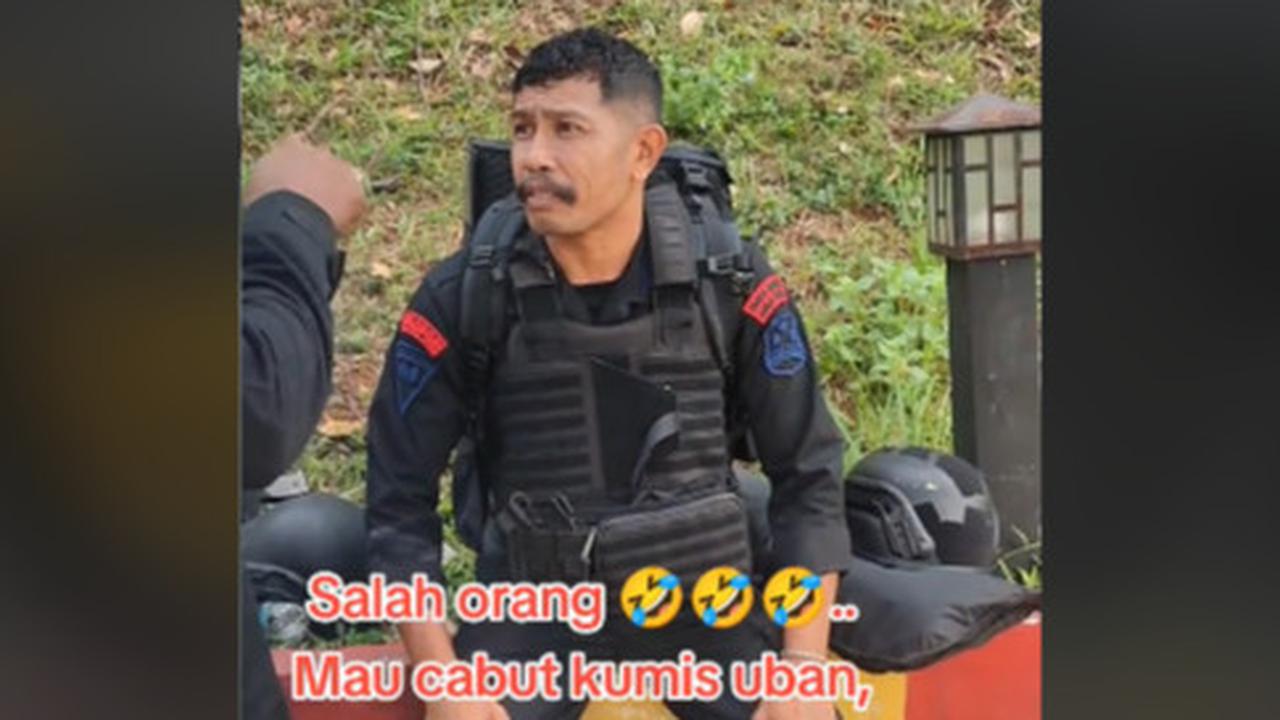 Anggota Brimob Berkumis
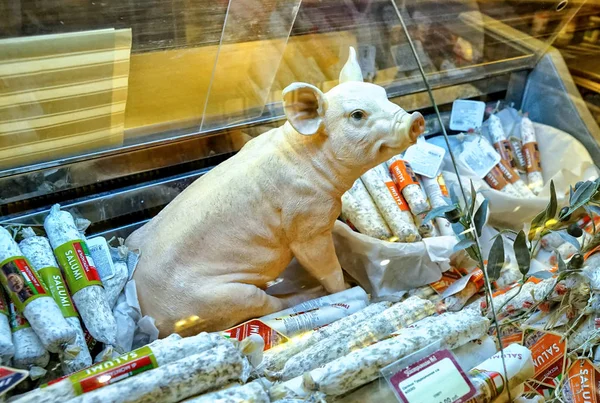 모스크바 러시아 2018 정육점이 카운터에 돼지고기 소시지의 복사본 — 스톡 사진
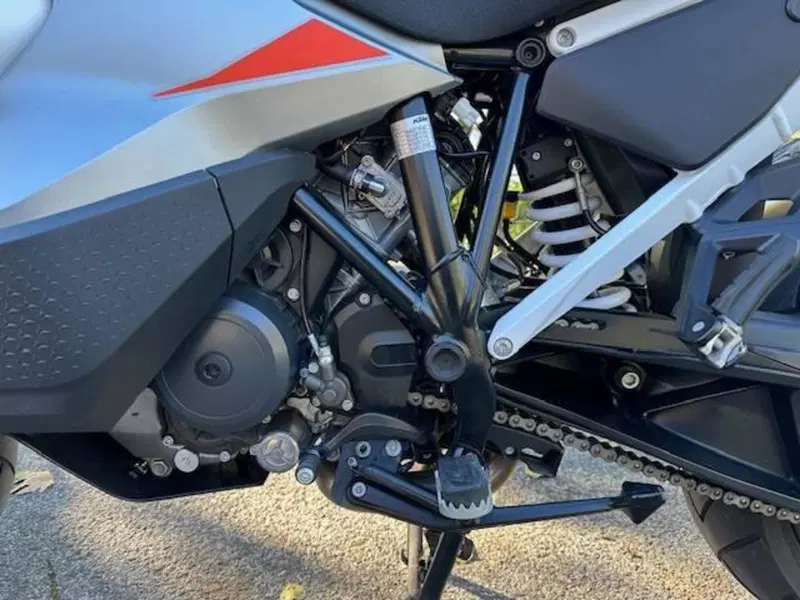 KTM 1290 Super Adventure S (2022 - 25) (4)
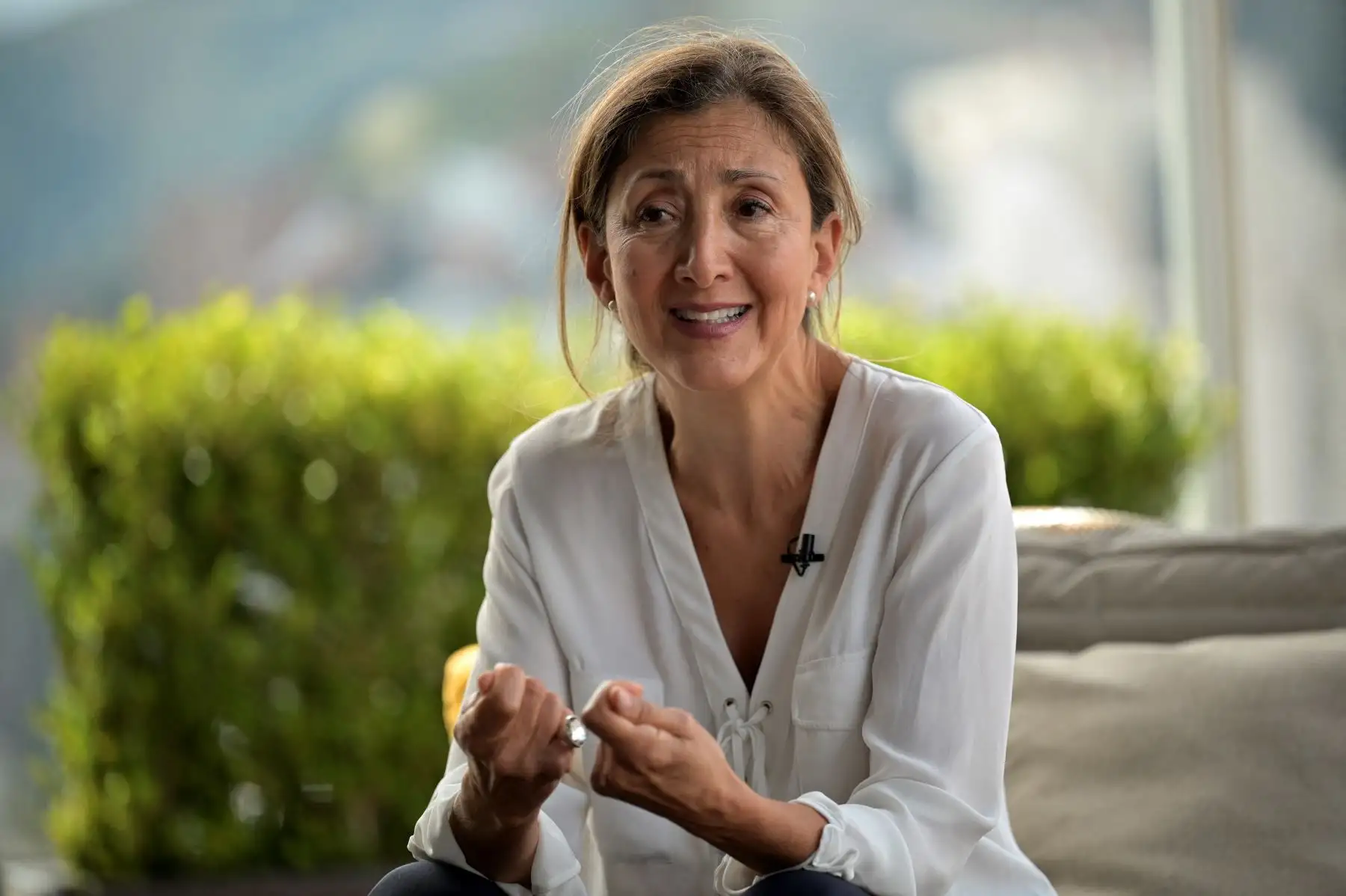 La política colombiana y ex candidata presidencial Ingrid Betancourt, que fue rehén de las FARC durante más de seis años, asistió a una entrevista con AFP en Bogotá el 24 de junio del 2021. Foto: AFP.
________________
### Description of the task
With the pictures left out, restate word for word every line of the data above, from the first down to the line that contains "KTM 1290 Super Adventure S (2022 - 25) (4)".

### Solution for this task
 Anggota Brimob Berkumis
 모스크바 러시아 2018 정육점이 카운터에 돼지고기 소시지의 복사본 — 스톡 사진
 KTM 1290 Super Adventure S (2022 - 25) (4)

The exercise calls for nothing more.